Advertising for example, was essential. Spewing garbage I don't want, absolutely critical to Microsoft's bottom line apparently. But registration so that I can turn off that advertising? Not important, so that was not available until I gave the machine IPv4.
It had very little benefits at the beginning, but having dedicated publicly routed addresses started to become really conevinent.
IPv6 with a regulary changing dynamic prefix still sucks though to this day ... :-(
The way I do this, my internal DNS resolves hosts to their fixed ULA addresses. For the handful that are accessible externally, public DNS resolves to their address on the current public prefix.
You just update the IP (or just the prefix) when the IP changes
Perhaps keep in mind that the interface id of the device the DNS entry should point is different for every device in the network.

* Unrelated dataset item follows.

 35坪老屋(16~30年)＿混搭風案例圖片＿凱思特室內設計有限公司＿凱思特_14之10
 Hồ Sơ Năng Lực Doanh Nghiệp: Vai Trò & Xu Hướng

Some use the router to update the IP and put the interface id of the router into the update url...
I can configure the ISC dhcpd for IPv6 but I wouldn’t know what prefix to use in any automated way. So whenever the modem disconnects/reconnects, for whatever reason, I then need to somehow manually update the DHCP server.
Not an issue for ipv4 with NAT. But enough of a problem with IPv6 that I gave up on it. However I do accept that this is a problem of my own making (ie not using ISP provided equipment).

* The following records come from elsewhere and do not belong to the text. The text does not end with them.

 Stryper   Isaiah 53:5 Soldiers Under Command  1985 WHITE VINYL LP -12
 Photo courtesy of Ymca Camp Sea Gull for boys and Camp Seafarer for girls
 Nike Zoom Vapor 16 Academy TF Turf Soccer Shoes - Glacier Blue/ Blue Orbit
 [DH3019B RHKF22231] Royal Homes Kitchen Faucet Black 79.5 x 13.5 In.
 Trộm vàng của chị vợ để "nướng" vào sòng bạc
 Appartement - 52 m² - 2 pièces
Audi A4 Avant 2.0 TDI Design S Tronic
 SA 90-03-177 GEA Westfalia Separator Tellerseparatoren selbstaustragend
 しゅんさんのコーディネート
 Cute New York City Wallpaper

If you need IPv6 on Android, your only option is SLAAC.
But I have to admit, that I ended up buying my own IPv6 block from a local ISP and tunnel to them. They have great interconnections, so bandwidth is not an issue, and latency penalty is less then 2 ms an average.
I’ll have a proper read of that tomorrow morning :)
The (occasionally, on Comcast) changing dynamic prefix was a pain for me too, when accessing things externally. For internal use I additionally set up a fixed ULA prefix.
So get out there and p2p
Like how 2-byte Unicode was struggling and UTF-8 saved it.
How would it be at all backward compatible other than what NAT64 already does?
8 versus 16 bytes barely matters for using the addresses, especially because if you're assigning IPs to your devices you can have the second half of the address start with 6-7 zero bytes and collapse them all with ::
And I challenge you to name a way to be "somewhat backward compatible" that would actually function and IPv6 doesn't already do.
Edit: And not only can you make your own addresses short, if I look up some IPv6 addresses meant to be said/remembered (public DNS IPs), none of them make you type more than 8 bytes (and that one repeats a cluster to make it easier) and some make you type as little as 4 bytes.
Remembering and communicating mildly complex byte sequences should be an issue which is solved already.